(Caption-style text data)
╭──

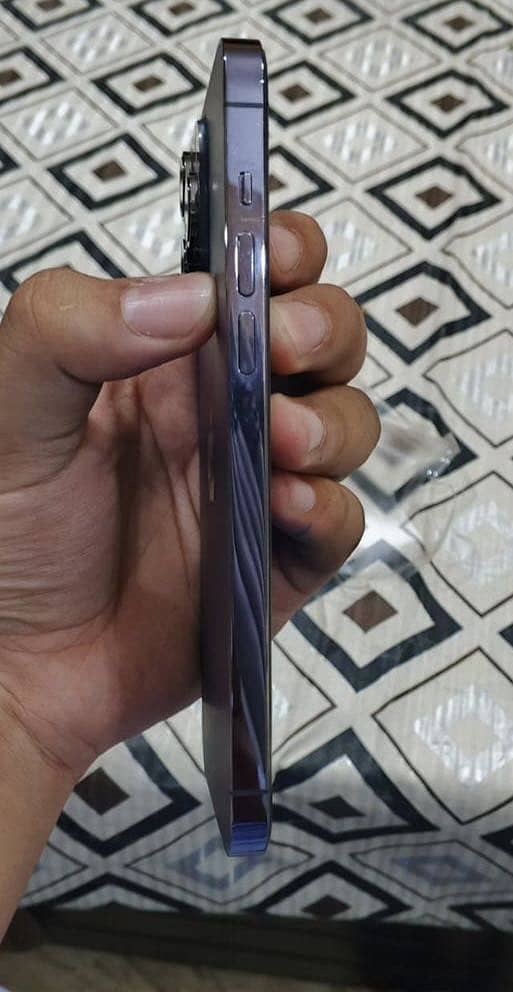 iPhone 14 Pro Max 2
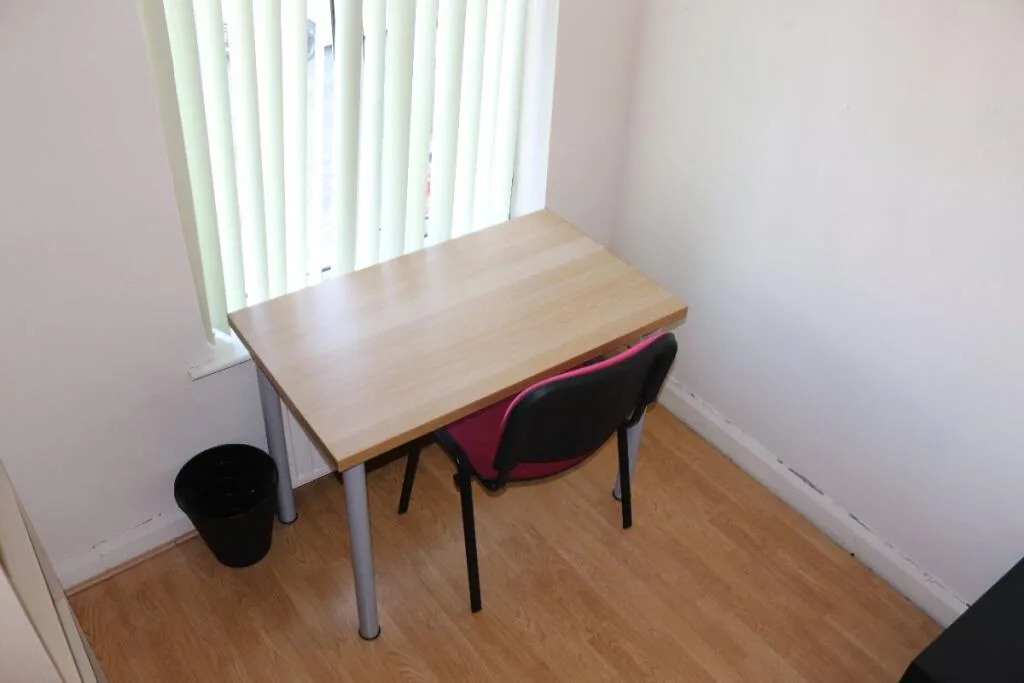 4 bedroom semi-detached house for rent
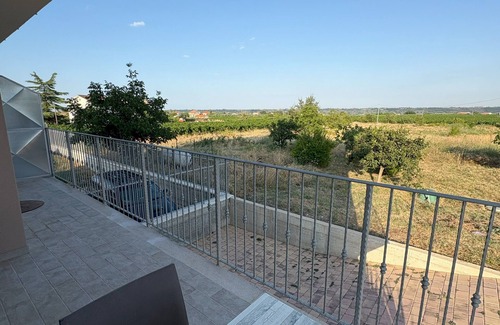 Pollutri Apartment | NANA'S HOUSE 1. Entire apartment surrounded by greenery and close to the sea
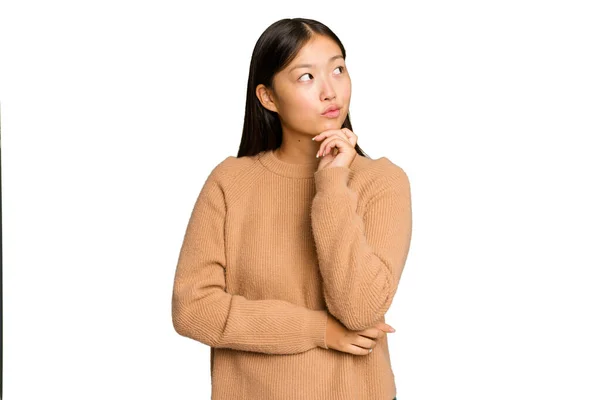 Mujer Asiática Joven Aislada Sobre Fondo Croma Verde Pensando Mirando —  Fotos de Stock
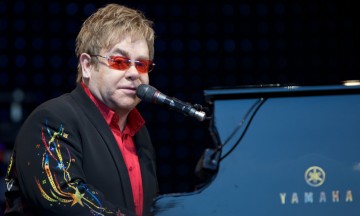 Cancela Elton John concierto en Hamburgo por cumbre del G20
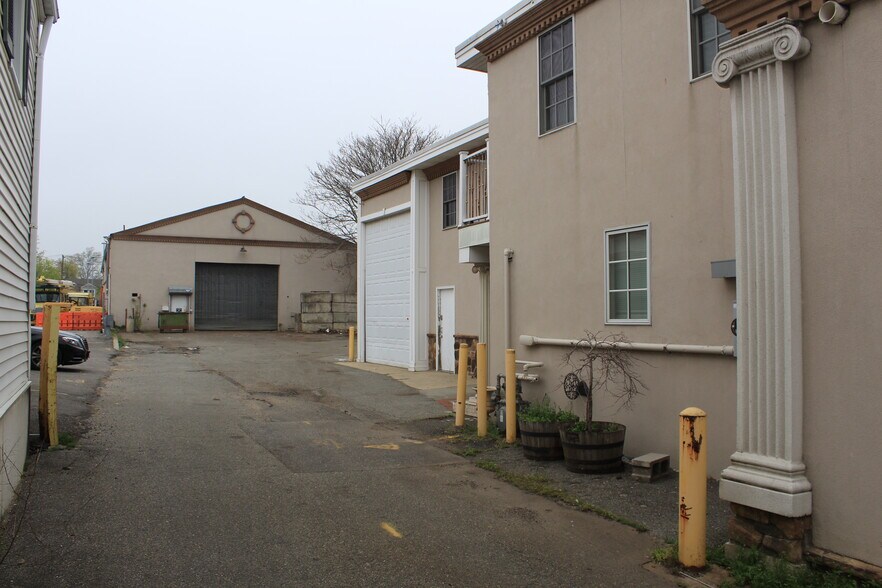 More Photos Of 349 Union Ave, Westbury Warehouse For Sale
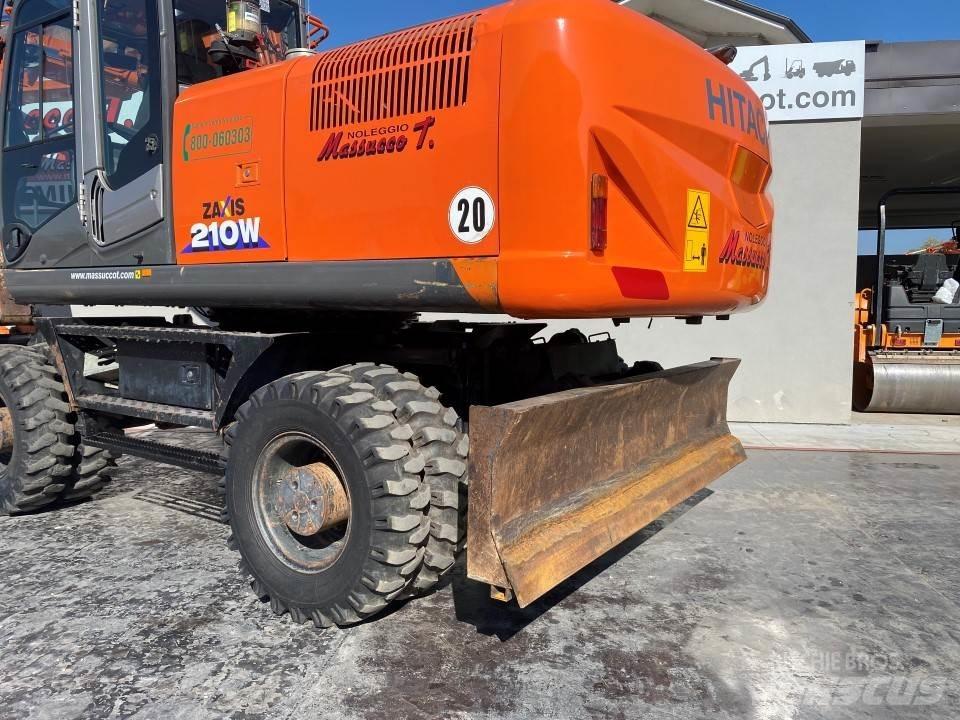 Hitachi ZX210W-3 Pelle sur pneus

╰──

What you output must match the data exactly, apart from the pictures, which are left out.

 iPhone 14 Pro Max 2
 4 bedroom semi-detached house for rent
 Pollutri Apartment | NANA'S HOUSE 1. Entire apartment surrounded by greenery and close to the sea
 Mujer Asiática Joven Aislada Sobre Fondo Croma Verde Pensando Mirando —  Fotos de Stock
 Cancela Elton John concierto en Hamburgo por cumbre del G20
 More Photos Of 349 Union Ave, Westbury Warehouse For Sale
 Hitachi ZX210W-3 Pelle sur pneus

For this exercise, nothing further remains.